Outside the band Lord remained active, most prominently with The Gemini Suite in 1972, an expansion of the earlier BBC commission. He followed with Sarabande in 1975, the same year Deep Purple first disbanded, by which point Lord and Ian Paice were the sole remaining originals from the founding lineup. Lord had also married Paice’s sister-in-law. He spent a year in the trio Paice, Ashton & Lord, undertook abundant session duties, and subsequently joined David Coverdale’s mid-1970s outfit Whitesnake. During his six years there from 1978 to 1984 Lord finally incorporated synthesizers, demonstrating facility comparable to Keith Emerson or Rick Wakeman amid the era’s keyboard competition. He issued two solo efforts, Before I Forget in 1982 and Country Diary of an Edwardian Lady in 1984, even as Whitesnake accumulated hit singles.

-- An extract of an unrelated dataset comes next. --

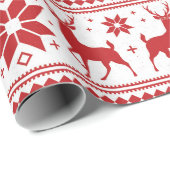 Papier Cadeau Motif rouge de flocon de neige de cerfs communs de (Coin rond)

Lord had always served merely as a paid member of Whitesnake, a role he found unsatisfying, so in 1984 he departed to participate in the reunited classic Deep Purple configuration, which produced Perfect Strangers and mounted an extensive world tour. The revived group, despite numerous personnel changes, continued releasing albums and touring through the 1980s and 1990s, occupying Lord between solo endeavors and a growing volume of film scores until his formal exit in 2002. By then he had signed with Virgin Classics and begun composing, performing, and recording independent classical works, thereby establishing a presence in that sphere. He maintained ties to jazz and blues, forming the Hoochie Coochie Men to explore the latter style, yet continued to move among multiple genres. Those activities, together with sustained Deep Purple catalog sales, coincided with his 2007 Durham Concerto, an ambitious six-movement composition whose stylistic references echoed the approaches of Ralph Vaughan Williams, John Tavener, and Malcolm Arnold without direct imitation. He also completed a classical album honoring his longtime friend, author Sir John Mortimer.

After nearly a year’s struggle with pancreatic cancer, Jon Lord succumbed to a pulmonary embolism in London on July 16, 2012, at the age of 71.